Exercise inputs START

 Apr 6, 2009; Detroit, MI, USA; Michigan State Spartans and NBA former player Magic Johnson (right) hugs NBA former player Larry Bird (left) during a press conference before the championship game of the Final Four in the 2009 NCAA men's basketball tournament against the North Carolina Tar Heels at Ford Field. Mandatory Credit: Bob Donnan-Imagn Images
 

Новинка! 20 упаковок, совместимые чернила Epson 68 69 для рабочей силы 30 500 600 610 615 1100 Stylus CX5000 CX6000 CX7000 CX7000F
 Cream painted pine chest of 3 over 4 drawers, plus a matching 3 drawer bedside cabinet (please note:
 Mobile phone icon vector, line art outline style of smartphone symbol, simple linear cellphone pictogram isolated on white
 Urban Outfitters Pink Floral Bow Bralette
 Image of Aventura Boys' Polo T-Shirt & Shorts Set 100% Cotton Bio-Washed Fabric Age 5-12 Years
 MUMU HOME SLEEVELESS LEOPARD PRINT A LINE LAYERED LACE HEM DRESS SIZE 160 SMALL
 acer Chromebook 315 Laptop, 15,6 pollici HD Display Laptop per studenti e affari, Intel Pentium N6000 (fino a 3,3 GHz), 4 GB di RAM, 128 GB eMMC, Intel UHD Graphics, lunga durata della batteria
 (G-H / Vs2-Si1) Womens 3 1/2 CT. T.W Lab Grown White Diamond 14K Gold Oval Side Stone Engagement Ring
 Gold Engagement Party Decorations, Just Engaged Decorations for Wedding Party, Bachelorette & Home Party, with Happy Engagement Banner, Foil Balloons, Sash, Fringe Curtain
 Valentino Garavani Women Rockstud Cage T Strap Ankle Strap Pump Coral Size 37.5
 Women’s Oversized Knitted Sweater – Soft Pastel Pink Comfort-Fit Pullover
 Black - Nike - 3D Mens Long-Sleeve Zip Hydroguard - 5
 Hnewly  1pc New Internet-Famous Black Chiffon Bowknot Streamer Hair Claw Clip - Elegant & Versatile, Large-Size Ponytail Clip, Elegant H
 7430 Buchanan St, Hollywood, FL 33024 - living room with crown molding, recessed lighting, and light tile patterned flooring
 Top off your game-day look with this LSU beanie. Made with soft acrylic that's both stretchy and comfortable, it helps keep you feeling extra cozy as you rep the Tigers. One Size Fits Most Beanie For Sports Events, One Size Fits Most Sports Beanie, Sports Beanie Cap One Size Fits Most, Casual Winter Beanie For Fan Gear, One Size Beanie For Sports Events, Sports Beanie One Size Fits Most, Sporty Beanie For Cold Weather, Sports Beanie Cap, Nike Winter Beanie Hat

Exercise inputs END

### Task description
Using the listing above, list every line in which the string "Nike" occurs.

### Reply to the exercise
 Black - Nike - 3D Mens Long-Sleeve Zip Hydroguard - 5
 Top off your game-day look with this LSU beanie. Made with soft acrylic that's both stretchy and comfortable, it helps keep you feeling extra cozy as you rep the Tigers. One Size Fits Most Beanie For Sports Events, One Size Fits Most Sports Beanie, Sports Beanie Cap One Size Fits Most, Casual Winter Beanie For Fan Gear, One Size Beanie For Sports Events, Sports Beanie One Size Fits Most, Sporty Beanie For Cold Weather, Sports Beanie Cap, Nike Winter Beanie Hat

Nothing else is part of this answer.